President Recep Tayyip Erdogan of Turkey lashed out at Israel and defended Hamas during a televised address on Wednesday, taking positions likely to increase tensions between his government and those of other NATO members, including the United States.
Speaking in Parliament to lawmakers from his Justice and Development Party, Mr. Erdogan accused Israel of deliberately attacking civilians in Gaza and killing large numbers of children, women and older people.
“This picture alone is enough to show that the aim here is not self-defense, but savagery to commit the premeditated act of crime against humanity,” he said.
Mr. Erdogan also criticized Western countries for their strong backing of Israel and for branding Hamas, the armed Palestinian group that controls Gaza, as a terrorist organization.
“Hamas is not a terror organization,” he said. “It is an organization of liberation, of mujahedeen, who fight to protect their land and citizens.”
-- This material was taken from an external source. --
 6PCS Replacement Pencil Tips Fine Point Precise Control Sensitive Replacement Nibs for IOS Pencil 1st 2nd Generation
Mr. Erdogan’s comments stand in stark contrast to the stances of Western countries, which have offered strong support for Israel since Hamas led an attack in southern Israel on Oct. 7 that killed more than 1,400 people, most of them civilians, and took more than 220 others, both civilians and soldiers, back to Gaza as captives.
Even before that attack, the United States, the European Union and other countries considered Hamas a terrorist organization.
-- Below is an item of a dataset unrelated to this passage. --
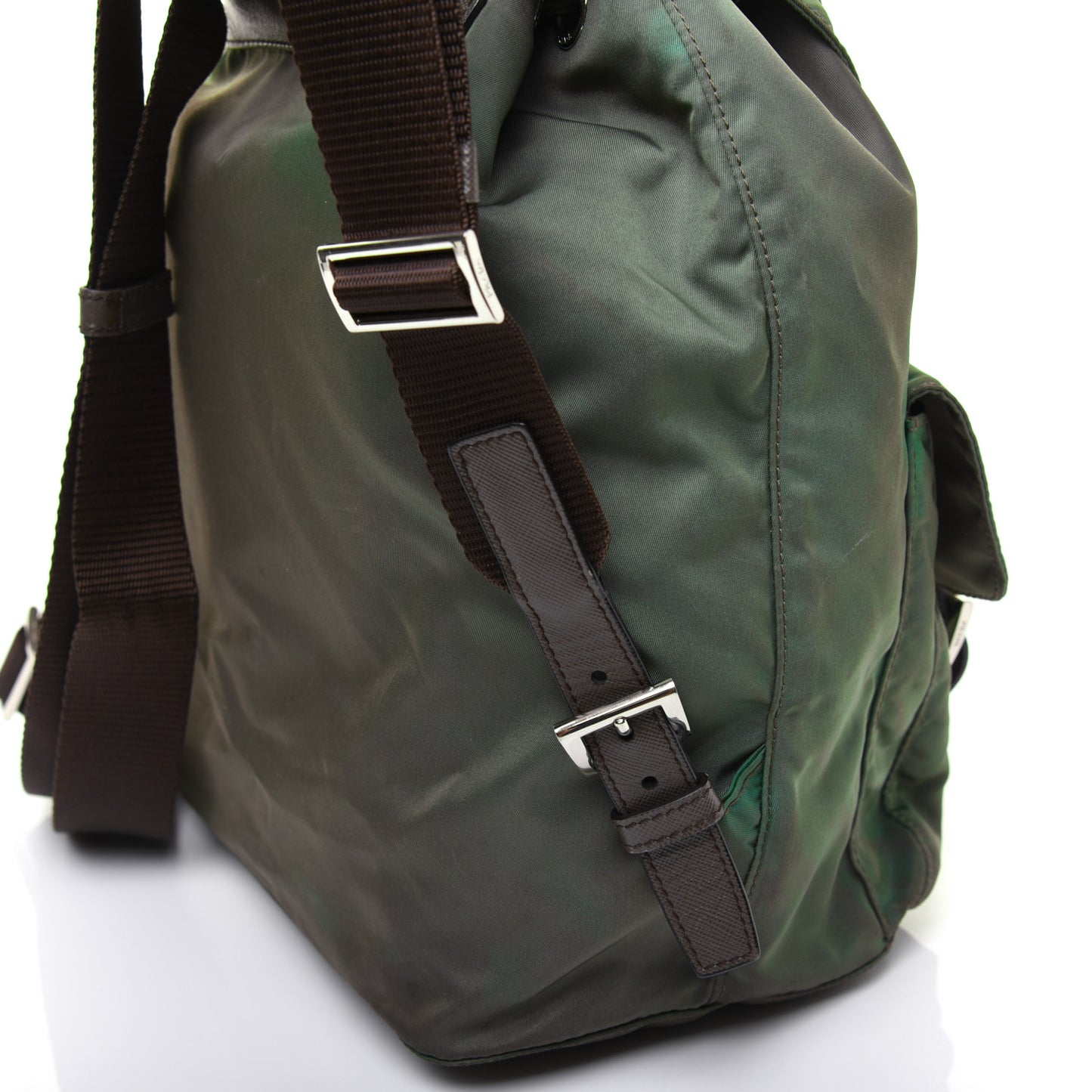 Tessuto Nylon Medium Backpack Fumo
But Mr. Erdogan’s criticism of Israel’s response — which has included urging more than a million Gazans to flee to the seaside enclave’s southern half, and a heavy bombing campaign that has heavily damaged civilian neighborhoods— reflected sentiments that have become common in parts of the Arab and Muslim worlds. The Israeli bombardment has killed more than 6,500 people, according to Gaza’s Hamas-run Health Ministry.
Israel has vowed to eradicate Hamas and has been massing its troops on the border of Gaza for a possible ground invasion. Its military says that it takes precautions to avoid killing civilians but that Hamas makes this more difficult by mixing its forces in with the civilian population.
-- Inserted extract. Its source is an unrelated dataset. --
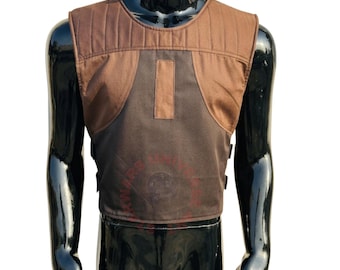 Chaleco antibalas de cazarrecompensas mandaloriano - Disfraz de cosplay con hebilla lateral ajustable de equipo mandaloriano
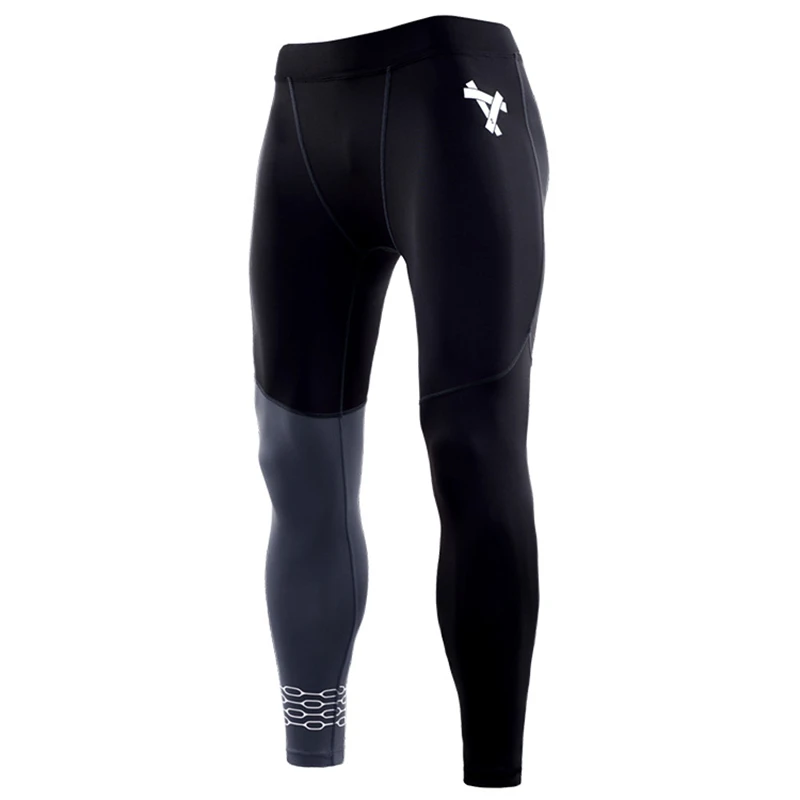 

Mens Gym Leggings Color Matching Running Pants Man Outfit Clothes Sports Trousers Quick Dri Legging 1852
Turkey has had turbulent relations with Israel during Mr. Erdogan’s two decades as its dominant politician, often tied to Mr. Erdogan’s anger over the Israeli treatment of Palestinians.
But recently, Mr. Erdogan made steps at rapprochement with the Jewish state.
Last year, Turkey welcomed Israel’s president, Isaac Herzog, in Ankara, the capital, the first such visit by an Israeli head of state since 2008. In a separate visit, the Israeli defense minister met with his Turkish counterpart, and the officials vowed to resume working relations.